Stored items from a collection

•••••

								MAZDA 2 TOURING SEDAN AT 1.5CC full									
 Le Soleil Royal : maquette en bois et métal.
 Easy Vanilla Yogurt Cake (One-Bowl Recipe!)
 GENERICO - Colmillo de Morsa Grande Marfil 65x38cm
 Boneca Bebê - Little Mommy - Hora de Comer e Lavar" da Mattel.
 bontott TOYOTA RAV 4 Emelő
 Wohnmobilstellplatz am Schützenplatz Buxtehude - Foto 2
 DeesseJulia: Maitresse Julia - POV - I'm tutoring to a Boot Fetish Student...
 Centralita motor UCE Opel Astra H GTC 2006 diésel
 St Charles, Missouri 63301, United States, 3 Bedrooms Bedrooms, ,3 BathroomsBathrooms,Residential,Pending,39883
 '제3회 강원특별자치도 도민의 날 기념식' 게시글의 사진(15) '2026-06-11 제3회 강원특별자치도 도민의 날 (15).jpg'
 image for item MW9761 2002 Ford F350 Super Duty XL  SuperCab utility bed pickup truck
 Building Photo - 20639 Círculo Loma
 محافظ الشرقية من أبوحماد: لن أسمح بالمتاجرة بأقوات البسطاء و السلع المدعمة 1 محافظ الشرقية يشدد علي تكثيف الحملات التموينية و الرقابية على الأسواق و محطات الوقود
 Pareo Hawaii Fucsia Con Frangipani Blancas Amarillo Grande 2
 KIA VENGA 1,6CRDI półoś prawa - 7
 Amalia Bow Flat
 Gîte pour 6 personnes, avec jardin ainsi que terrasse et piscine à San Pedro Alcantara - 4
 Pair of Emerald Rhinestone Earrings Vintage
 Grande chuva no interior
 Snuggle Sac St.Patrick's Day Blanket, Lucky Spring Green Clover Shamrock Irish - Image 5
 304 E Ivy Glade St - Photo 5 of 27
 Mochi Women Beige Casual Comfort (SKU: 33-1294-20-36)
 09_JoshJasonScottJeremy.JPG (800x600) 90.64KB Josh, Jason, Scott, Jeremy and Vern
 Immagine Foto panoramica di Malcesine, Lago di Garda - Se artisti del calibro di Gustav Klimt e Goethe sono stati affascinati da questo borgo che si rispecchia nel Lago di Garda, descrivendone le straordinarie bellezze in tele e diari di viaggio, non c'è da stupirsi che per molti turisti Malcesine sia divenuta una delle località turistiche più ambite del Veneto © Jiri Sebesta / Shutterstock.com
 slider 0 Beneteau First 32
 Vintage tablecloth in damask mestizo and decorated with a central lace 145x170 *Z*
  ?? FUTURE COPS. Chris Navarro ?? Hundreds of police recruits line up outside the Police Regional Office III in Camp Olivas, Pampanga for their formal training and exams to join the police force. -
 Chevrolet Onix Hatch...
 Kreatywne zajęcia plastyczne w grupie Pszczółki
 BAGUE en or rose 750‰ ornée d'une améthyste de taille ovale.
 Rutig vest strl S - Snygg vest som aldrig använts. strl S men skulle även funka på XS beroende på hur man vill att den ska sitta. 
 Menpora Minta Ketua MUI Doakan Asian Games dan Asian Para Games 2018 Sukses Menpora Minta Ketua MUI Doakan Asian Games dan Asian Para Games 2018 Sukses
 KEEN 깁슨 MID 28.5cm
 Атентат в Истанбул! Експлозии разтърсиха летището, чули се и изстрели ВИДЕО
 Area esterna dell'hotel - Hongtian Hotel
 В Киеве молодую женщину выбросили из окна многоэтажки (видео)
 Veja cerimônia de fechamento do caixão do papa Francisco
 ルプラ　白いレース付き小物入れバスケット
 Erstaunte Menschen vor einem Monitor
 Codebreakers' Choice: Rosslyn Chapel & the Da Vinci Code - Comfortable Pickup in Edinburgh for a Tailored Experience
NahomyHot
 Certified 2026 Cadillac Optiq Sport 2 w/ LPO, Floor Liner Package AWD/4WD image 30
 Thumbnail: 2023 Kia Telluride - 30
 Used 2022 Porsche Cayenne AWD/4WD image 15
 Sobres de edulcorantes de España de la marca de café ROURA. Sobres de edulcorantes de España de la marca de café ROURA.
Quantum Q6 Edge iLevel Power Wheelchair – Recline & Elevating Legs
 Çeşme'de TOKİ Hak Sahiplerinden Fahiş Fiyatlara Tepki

•••••

» What you are asked to do: Nothing in the records may be left out; reproduce them exactly.

» Response to this task:
								MAZDA 2 TOURING SEDAN AT 1.5CC full									
 Le Soleil Royal : maquette en bois et métal.
 Easy Vanilla Yogurt Cake (One-Bowl Recipe!)
 GENERICO - Colmillo de Morsa Grande Marfil 65x38cm
 Boneca Bebê - Little Mommy - Hora de Comer e Lavar" da Mattel.
 bontott TOYOTA RAV 4 Emelő
 Wohnmobilstellplatz am Schützenplatz Buxtehude - Foto 2
 DeesseJulia: Maitresse Julia - POV - I'm tutoring to a Boot Fetish Student...
 Centralita motor UCE Opel Astra H GTC 2006 diésel
 St Charles, Missouri 63301, United States, 3 Bedrooms Bedrooms, ,3 BathroomsBathrooms,Residential,Pending,39883
 '제3회 강원특별자치도 도민의 날 기념식' 게시글의 사진(15) '2026-06-11 제3회 강원특별자치도 도민의 날 (15).jpg'
 image for item MW9761 2002 Ford F350 Super Duty XL  SuperCab utility bed pickup truck
 Building Photo - 20639 Círculo Loma
 محافظ الشرقية من أبوحماد: لن أسمح بالمتاجرة بأقوات البسطاء و السلع المدعمة 1 محافظ الشرقية يشدد علي تكثيف الحملات التموينية و الرقابية على الأسواق و محطات الوقود
 Pareo Hawaii Fucsia Con Frangipani Blancas Amarillo Grande 2
 KIA VENGA 1,6CRDI półoś prawa - 7
 Amalia Bow Flat
 Gîte pour 6 personnes, avec jardin ainsi que terrasse et piscine à San Pedro Alcantara - 4
 Pair of Emerald Rhinestone Earrings Vintage
 Grande chuva no interior
 Snuggle Sac St.Patrick's Day Blanket, Lucky Spring Green Clover Shamrock Irish - Image 5
 304 E Ivy Glade St - Photo 5 of 27
 Mochi Women Beige Casual Comfort (SKU: 33-1294-20-36)
 09_JoshJasonScottJeremy.JPG (800x600) 90.64KB Josh, Jason, Scott, Jeremy and Vern
 Immagine Foto panoramica di Malcesine, Lago di Garda - Se artisti del calibro di Gustav Klimt e Goethe sono stati affascinati da questo borgo che si rispecchia nel Lago di Garda, descrivendone le straordinarie bellezze in tele e diari di viaggio, non c'è da stupirsi che per molti turisti Malcesine sia divenuta una delle località turistiche più ambite del Veneto © Jiri Sebesta / Shutterstock.com
 slider 0 Beneteau First 32
 Vintage tablecloth in damask mestizo and decorated with a central lace 145x170 *Z*
  ?? FUTURE COPS. Chris Navarro ?? Hundreds of police recruits line up outside the Police Regional Office III in Camp Olivas, Pampanga for their formal training and exams to join the police force. -
 Chevrolet Onix Hatch...
 Kreatywne zajęcia plastyczne w grupie Pszczółki
 BAGUE en or rose 750‰ ornée d'une améthyste de taille ovale.
 Rutig vest strl S - Snygg vest som aldrig använts. strl S men skulle även funka på XS beroende på hur man vill att den ska sitta. 
 Menpora Minta Ketua MUI Doakan Asian Games dan Asian Para Games 2018 Sukses Menpora Minta Ketua MUI Doakan Asian Games dan Asian Para Games 2018 Sukses
 KEEN 깁슨 MID 28.5cm
 Атентат в Истанбул! Експлозии разтърсиха летището, чули се и изстрели ВИДЕО
 Area esterna dell'hotel - Hongtian Hotel
 В Киеве молодую женщину выбросили из окна многоэтажки (видео)
 Veja cerimônia de fechamento do caixão do papa Francisco
 ルプラ　白いレース付き小物入れバスケット
 Erstaunte Menschen vor einem Monitor
 Codebreakers' Choice: Rosslyn Chapel & the Da Vinci Code - Comfortable Pickup in Edinburgh for a Tailored Experience
NahomyHot
 Certified 2026 Cadillac Optiq Sport 2 w/ LPO, Floor Liner Package AWD/4WD image 30
 Thumbnail: 2023 Kia Telluride - 30
 Used 2022 Porsche Cayenne AWD/4WD image 15
 Sobres de edulcorantes de España de la marca de café ROURA. Sobres de edulcorantes de España de la marca de café ROURA.
Quantum Q6 Edge iLevel Power Wheelchair – Recline & Elevating Legs
 Çeşme'de TOKİ Hak Sahiplerinden Fahiş Fiyatlara Tepki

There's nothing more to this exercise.